Paying your legal fees
Relevant across multiple law types
Many people are faced with the practical problem of paying their lawyers’ fees if they have a legal matter that they need to deal with. We talk elsewhere on our site about how this could be tackled with things like Legal Expense Insurance, Conditional Fee Agreements, Damages Based Fee Agreements, other contingency and “no win, no fee” agreements, Legal Aid, and fixed fees.
But for many people it will boil down to just having to find the money to pay the lawyers’ fees. Some people are fortunate enough to have money available, but many must borrow money.
There are informal borrowing arrangements such as “the bank of mum and dad” or friends and family.
It is also possible to arrange a formal bank loan or use a credit card. Some solicitors can arrange formal loans to fund legal fees for you.
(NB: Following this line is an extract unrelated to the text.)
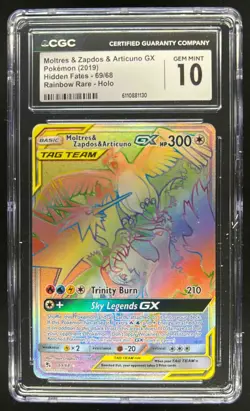 2019 Pokemon SM Moltres & Zapdos ArticunoTag Team Rainbow Rare #69/68 CGC 10 - Image 1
However, in all those instances it is vital to check and understand how much it is going to cost you and whether you can afford it.
That also means understanding how long the matter is going to go on for, how much you may need to borrow, and when you’ll be able to pay it back.
It may be a problem, for example, to borrow on a credit card, which is usually short-term debt with relatively high interest rate, to fund a divorce. You might think you are going to get some money in the divorce settlement to pay back the credit card quickly, only to find that the divorce goes on for years, and your credit card interest racks up enormously because of the interest. The same can be said for other forms of high interest borrowing.
Even if you are borrowing from friends or family you need to be as clear as you can about how much you are going to need and when it will be paid back, to avoid falling out later. That means discussing what the likely legal fees are going to be with your lawyer and how long the case will go on. Very few lawyers will give guarantees on that because some things are outside their control, but they should be able to give you some informed guidance.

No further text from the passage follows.